OM te thoonen wat de edele Schilder-const oock in waterverf oft verlichterije vermach, can ghespeurt worden uyt de uytnemende Wercken van Jean Guiliam Bouwer, die mirakels vande Natuer schijnen te wesen, welcken Bouwer door sijn Const Schilder is gheweest vanden Keyser Ferdinandus den III. ende den Hertogh van Brassiano tot Roomen. Welcke Const den selven Bouwer heeft willen onsterffelijck maecken; want de nettigheyt, suyverheyt, edelheyt, snelligheyt ende ghewoel van cleyn Figuerkens soo verr' als de ooghen connen draeghen, en soo cleyn als sy connen sien, en is met de pen qualijck te beschrijven, en soo seer niet uyt te drucken als de eer van sijn werck wel verdient. By d'edelste Princen des Landts en de jeverichste Const-beminders zijn sijn wercken in groot aensien, ghelijck Anthonio van Leyen Mecenas van dit Boeck oock doet ghetuyghen door twee edel en suyver Ordonnantien in water-verf verlicht, af-beldende den Legher van David, daer Absalon aenden boom hanghende wordt van Ioab doorloopen, ende noch een ander vande selve grootte, de welcke schier alle Consten des wereldts beschamen door de edelheydt en suyver netticheyt die daer in te bespeuren is.
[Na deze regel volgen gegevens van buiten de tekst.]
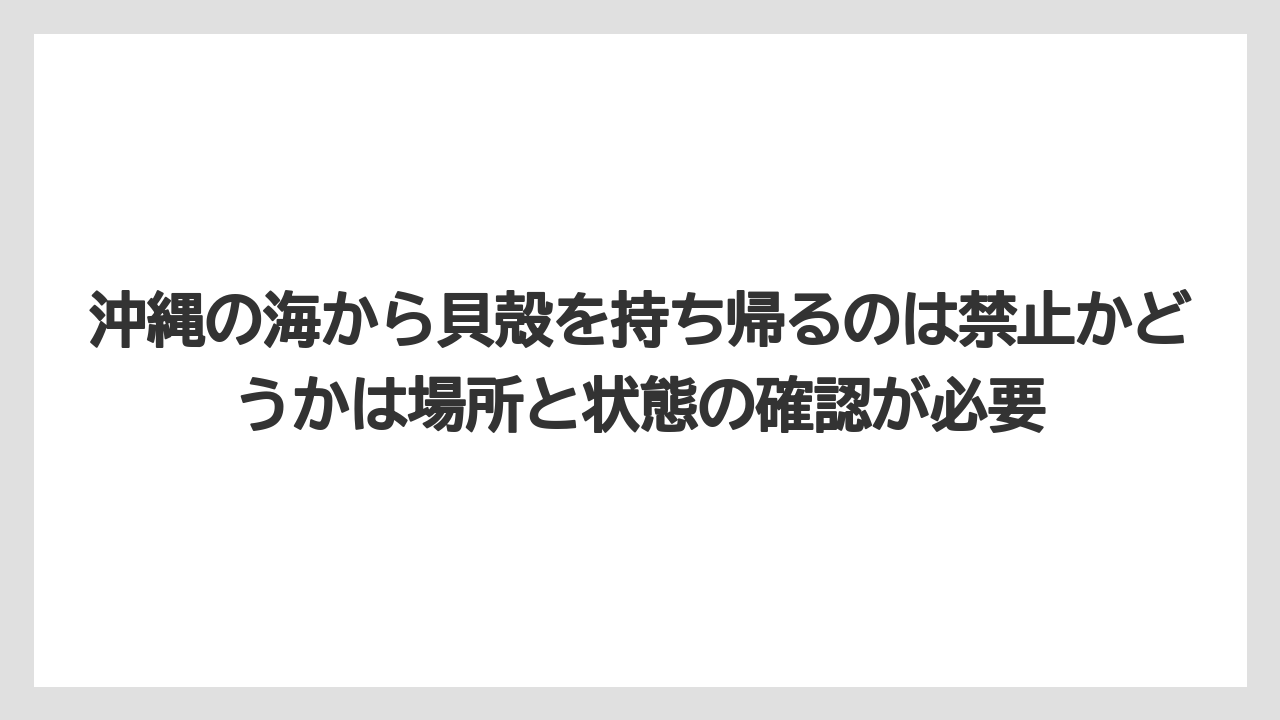 【リゾート】【宿泊】【旅】沖縄の海から貝殻を持ち帰るのは禁止かどうかは場所と状態の確認が必要
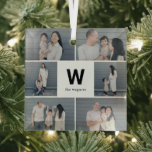 Bold Monogram Editable Colour Custom Photo Ornamen Glass Ornament<br><div class="desc">Photo gifts make the best gifts! Easily personalized with your text and/or photo(s) for a custom look. Designed by Berry Berry Sweet,  Modern Stationery and Personalized Gifts. Visit our website at www.berryberrysweet.com to see our full product lines.</div>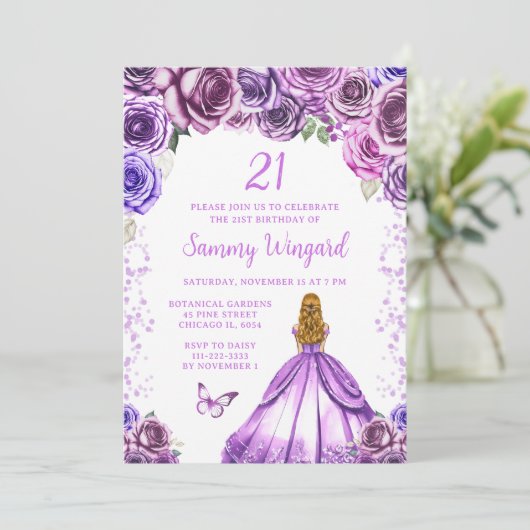 Licht Paarse Blonde Haar Prinses Verjaardagsfeest Kaart (Staand voorkant)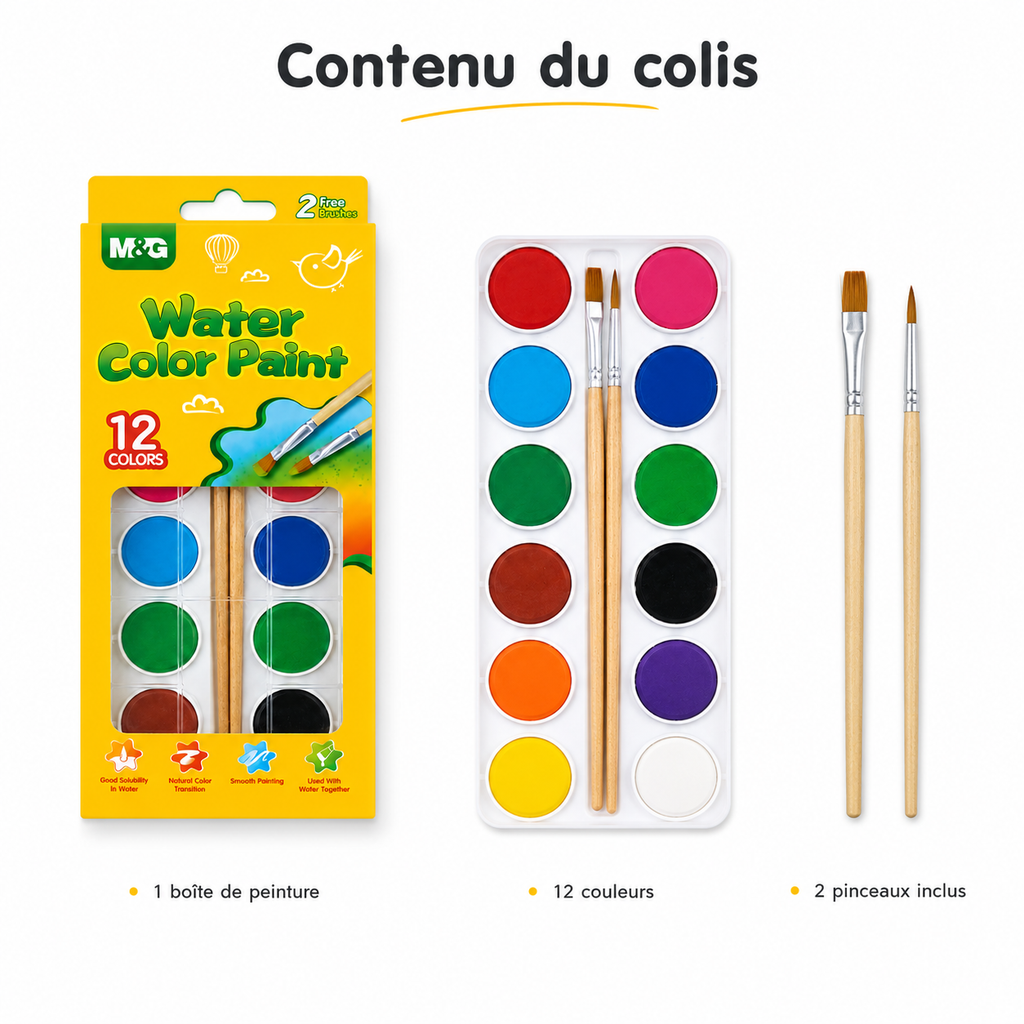 Boîte de Peinture Aquarelle M&G 12 Couleurs avec 2 Pinceaux – Kit Créatif Enfant
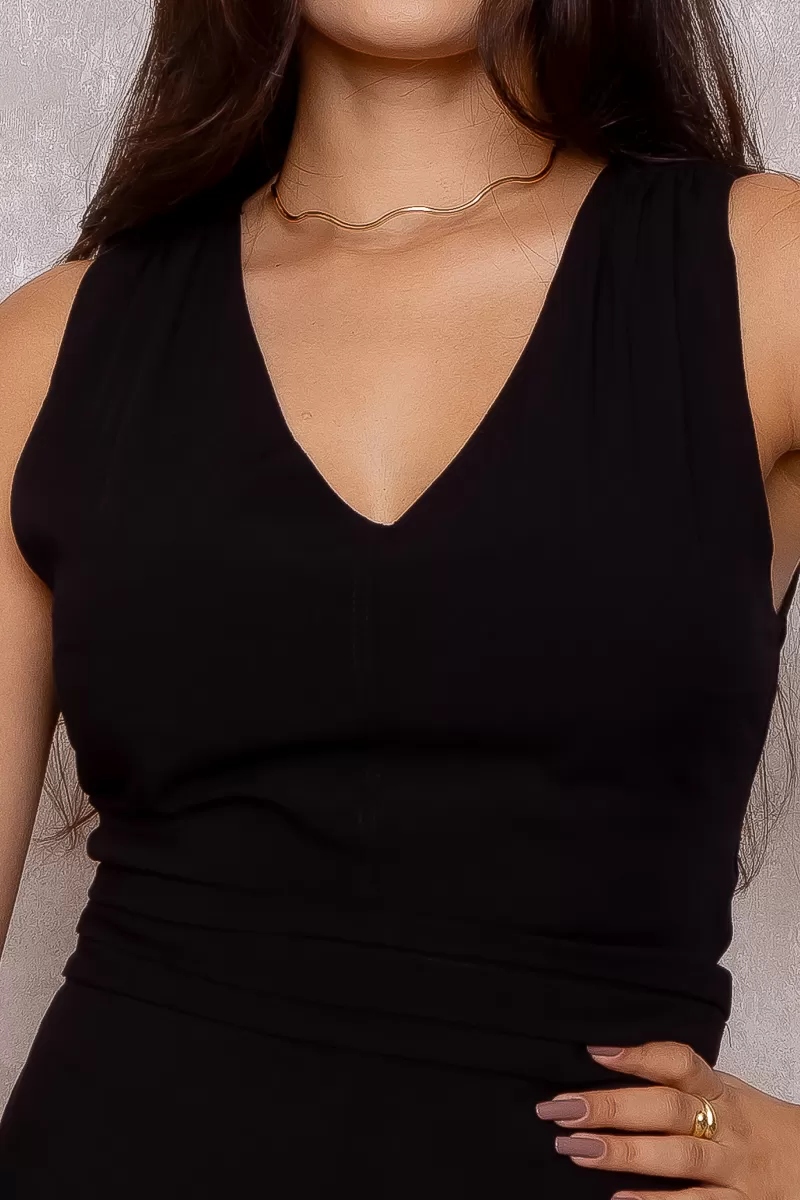 Miss Misses - Miss Misses Long Jumpsuit With Black Zipper - 80514PRETO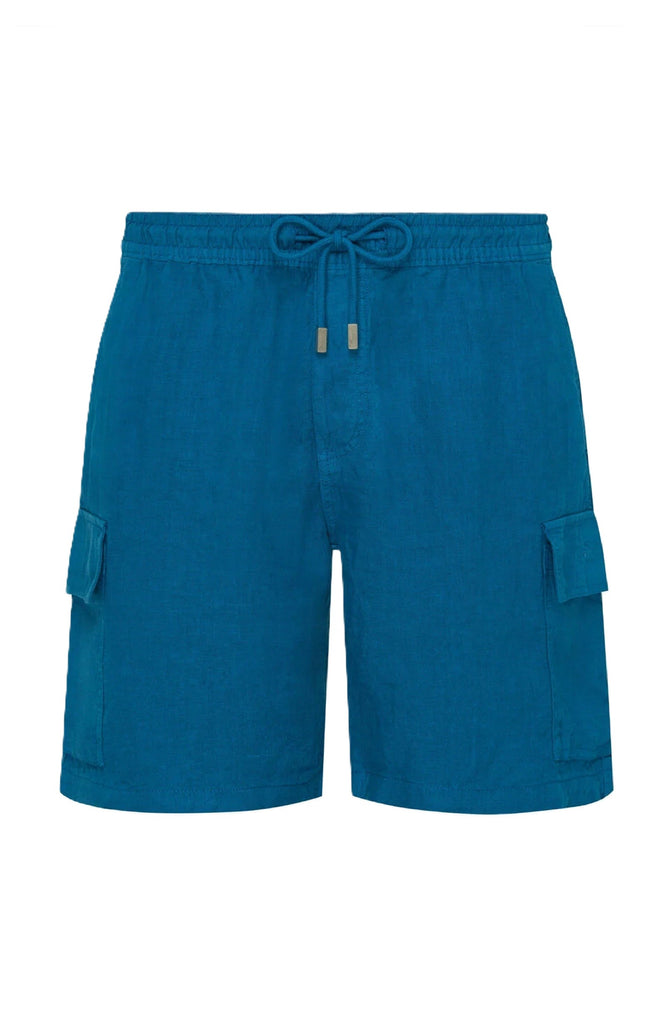 VILEBREQUIN Men Linen Bermuda Shorts Cargo Pockets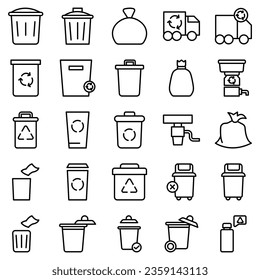 trash can icon vector. illustration of a waste collection sign. trash logo.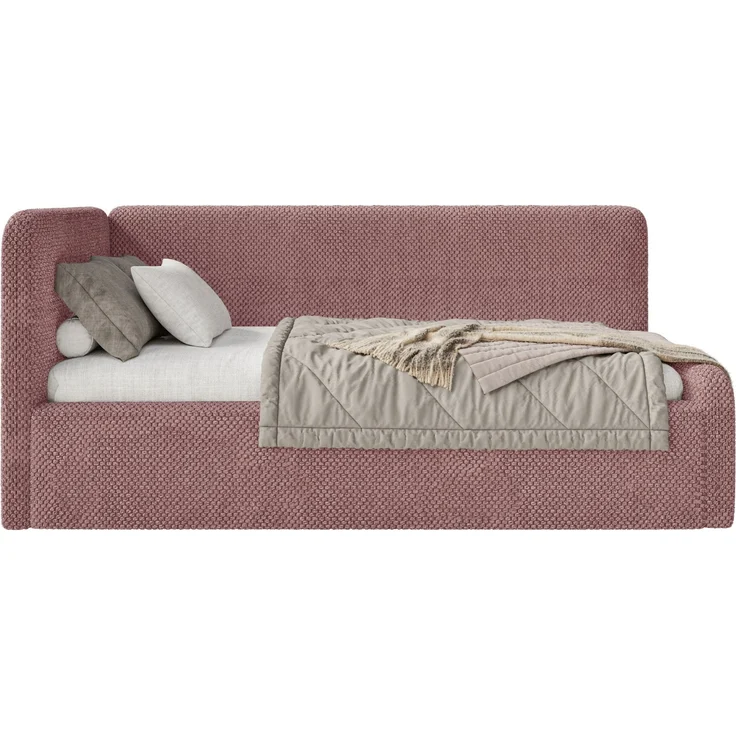 Selsey Fanko –Jugendbett 90x200 cm mit Kopfteil links, Plüsch, Rosa – Bild 6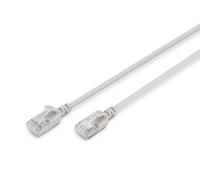 Digitus LAN cable Cat. 6A - 0.5m - slim version AWG 32/7 - 10 Gbit/s - RJ45 network cable - F/FTP - PoE+ - LSZH - Compatible with Cat. 7, Cat. 6, Cat. 5e - grey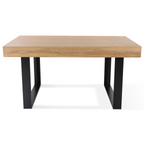 Table à manger rectangulaire PHOENIX 6 personnes bois et noir 160 cm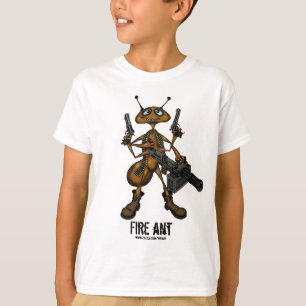 Fourmi de feu drôle avec le T-shirt de dessin de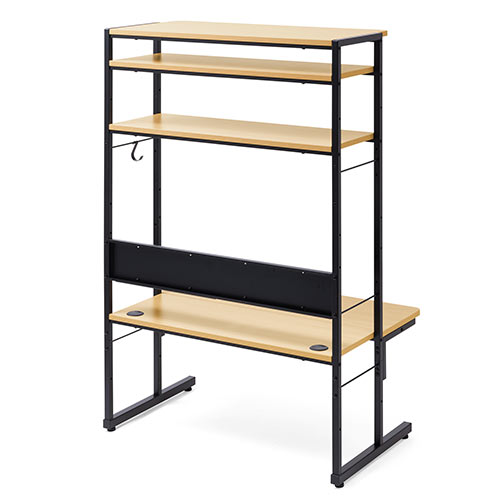 パソコンラック（3WAY・高さ可変・パソコンデスク・書斎デスク・プリンタラック・ローデスク・幅900・ライトブラウン）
Waerom den selven Willem Bouwer noch al meer lof verdient, en behoorden toeghewijt te worden als ick hier met mijn cleyn vermoghende pen voorts brenghe; waerom niet qualijck en wordt ghevueght by sijne Const dit dus luydende ghedicht.
Can Bouwers cloeck Pinceel soo ed'le wercken bouwen
Op een soo cleyn begrijp van weynich parckement,
Waer op heel Leghers staen, die vechten, kerven, houwen;
Iae schier ontelbaer zijn en woelen sonder endt;
Soo moet de rasse Faem van Bouwer eeuwich roemen
En blasen met 't trompet tot een ghedachtenis,
Dat jeder Bouwer moet den overvliegher noemen,
Daer niemandt schier soo-by in Const ghecomen is.